Friday, October 23, 2015
Hague Choice of Court Convention Enters Into Force
The Hague Choice of Court Convention entered into force in 28 States (Mexico and all Members of the European Union, except Denmark) on October 1, 2015. This results from Mexico's accession to the Convention in 2007 and the recent approval of the Convention by the European Union as a regional organization able to bind its member states.
The United States and Singapore have signed the Choice of Court Convention but have not yet ratified it. The entry into force for the Convention should encourage other States that are considering joining it.
The Convention has been designed to provide more legal certainty and predictability in relation to choice of court agreements between parties to international commercial contracts.

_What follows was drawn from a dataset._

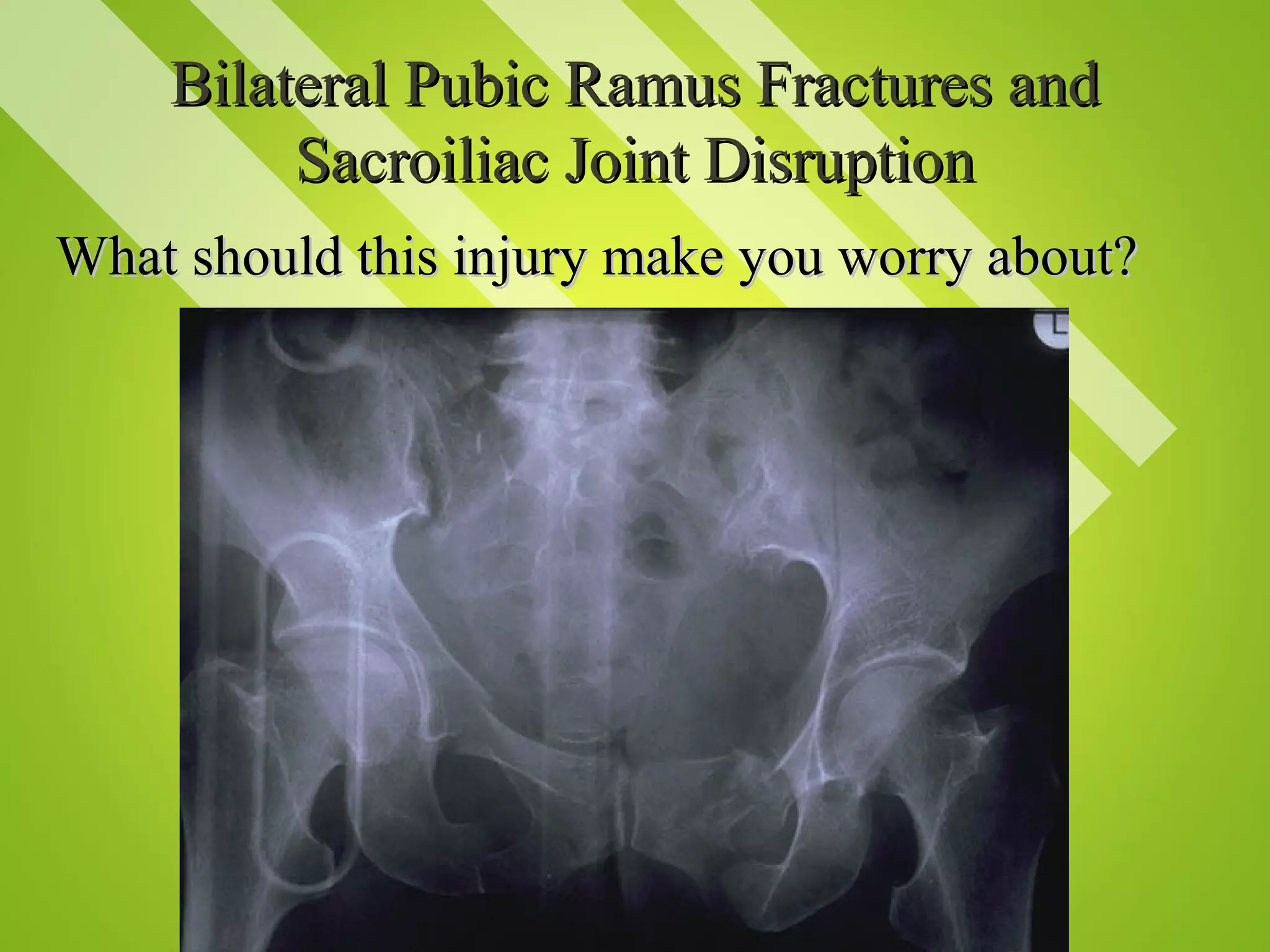 Trauma | PPT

The Convention essentially allows three things.
- First, it allows parties to a contract to pick a court that is not necessarily the site of a buyer or a seller in a contract.
- Second, it gives exclusive jurisdiction to the court chosen; other courts must decline jurisdiction.
- And third, the judgment rendered by the chosen court must be recognized and enforced in other Contracting States.
As judges, practitioners, and other key players within the international legal community recognize, the application of the Choice of Court Convention will deliver adequate responses to the increasingly pressing need in international transactions for enforceable choice of court agreements and their resulting judgments.
And now that the Convention has entered into force, the United States should ratify the Hague Choice of Convention.
Click here for more information about the Hague Choice of Court Convention.
Click here for the text of the Hague Choice of Court Convention.
(mew)(adapted in part from a press release from the Hague Conference on Private International Law)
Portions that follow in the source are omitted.